If I don’t take over Josh’s studio, I should return to Brooklyn. For the first 25 or 26 years of my life, it never occurred to me to live anywhere but Brooklyn. Except for those three weeks I spent at Marc’s Sheepshead Bay apartment in May and June of 1981 and the ten weeks I was at Judd’s place in Park Slope in the fall of 1985, it’s been nearly 16 years since I left Brooklyn.
It’s far from being paradise, I know, but perhaps I need to see if Thomas Wolfe – who wrote “Only the Dead Know Brooklyn” – was right about not being able to go home again.
This is less weird, I suppose, then Jonathan wandering the Southwest. Mom told me he’s in Flagstaff now, where he’s at a not-so-nice campground amid a beautiful landscape. He had a rough ride with car trouble going there.
Mom worries so much about him, but like Grandma Ethel, Mom obsesses about every possible thing that could go wrong. What irks me is my tendency to do the exact same thing.

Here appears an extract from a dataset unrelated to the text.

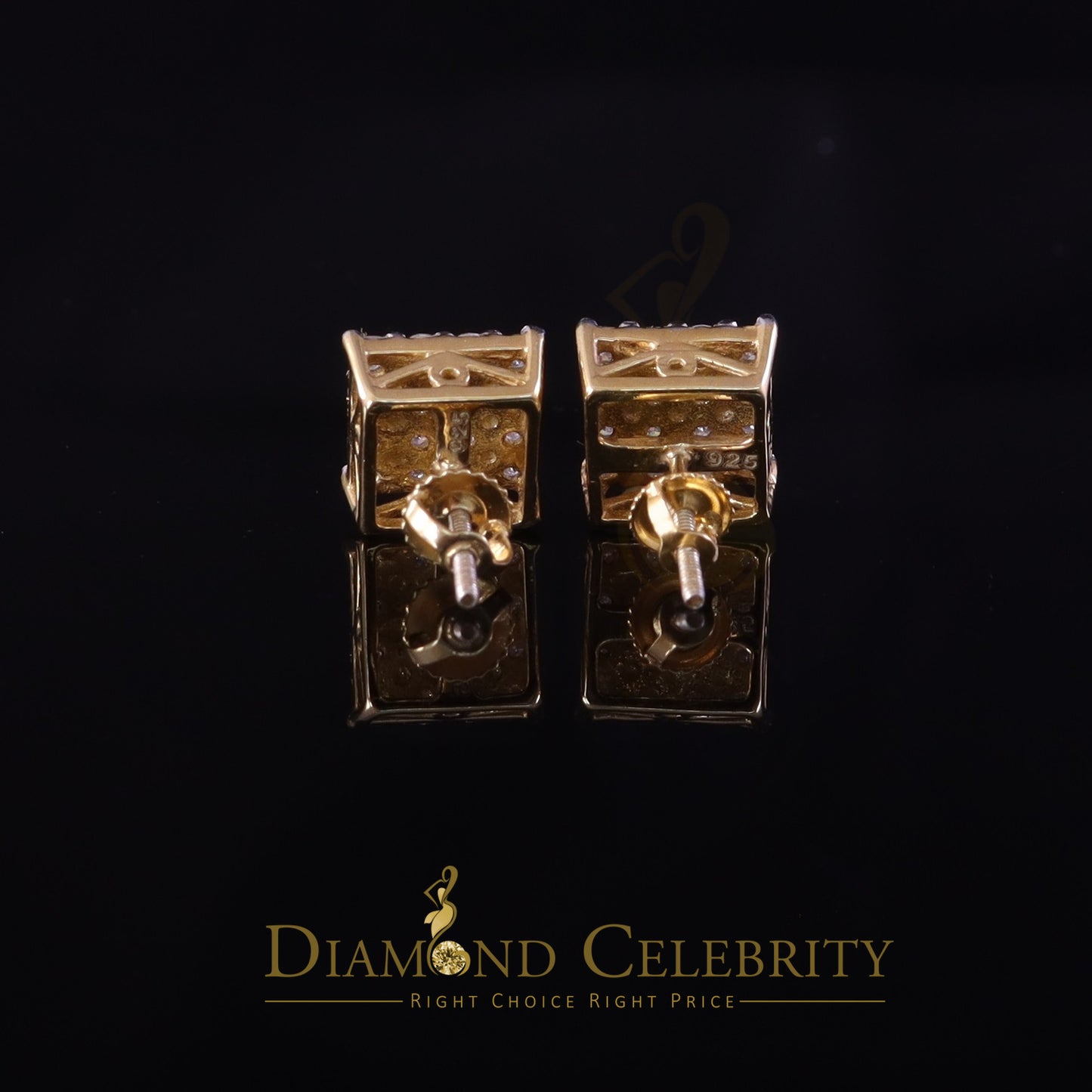 DiamondCelebritees Men's/Womens 925 Silver Yellow 1.00ct VVS 'D' Moissanite Square Stud Earrings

Today I read the newspapers, of course, and exercised and went to the health food store to buy ginkgo biloba capsules, and I wrote Alice, apologizing for being unable to come up with anything on the Santa Claus bio project.

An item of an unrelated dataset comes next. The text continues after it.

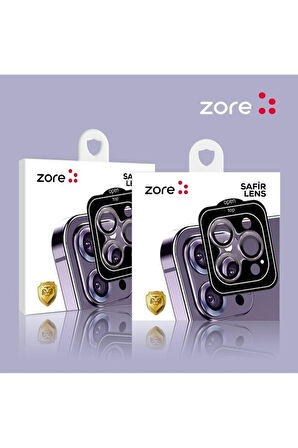 Apple iPhone 14 Uyumlu Zore CL-11 Safir Parmak İzi Bırakmayan Anti-Reflective Kamera Lens Koruyucu Siyah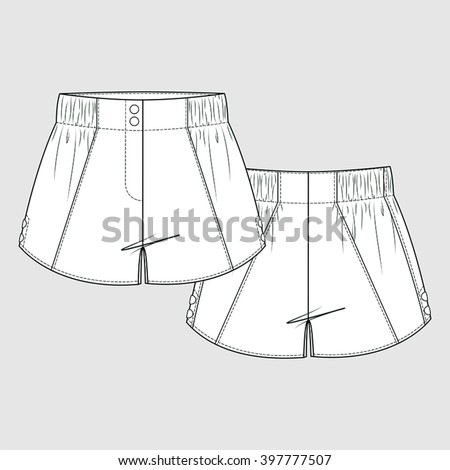 Vector Images, Illustrations and Cliparts: Elastic Waist Panel Shorts ...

I also wrote to Mark Bernstein in Florence and sent out the letter I wrote to Tom on Monday – I waited so I could send him the Orlando Sentinel piece – and I even replied to that creep who criticized me for my paddling story.
(I took an amiable, self-deprecatory tone but enclosed other pieces to show him I’m mostly a writer, not a CGR attorney.)
I read more of that Mike Diana defense brief, where I’m just getting to the legal points raised. It’s hard to believe that an appellate court would allow his obscenity prosecution for a comic book to stand, but then this is right-wing Florida.
I answered Josh’s E-mail message in which he provocatively told me I should have done lots more vile stuff instead of apologizing to the National Trust people.
And I dragged the 24-can carton of Caffeine Free Diet Pepsi to my office. (It’s just 25¢ a can this way, as opposed to the 55¢ if I use the law school soda machine.)
The only mail I got today were advertisements and Mom sending me a Miami Herald story about Neil Rogers being on the Atkins low-carbohydrate, high-protein diet. Although it sounds very unhealthy to me, people can lose weight on any diet.
The only Neil Simon plays I have left to read before I write my article are the early ones, collected in a book I got from the public library.
I began Come Blow Your Horn last night, and it reads like a period piece. Simon gives the “cover story” of his family, and the characters are one-dimensional when compared with his later family comedies like Brighton Beach Memoirs.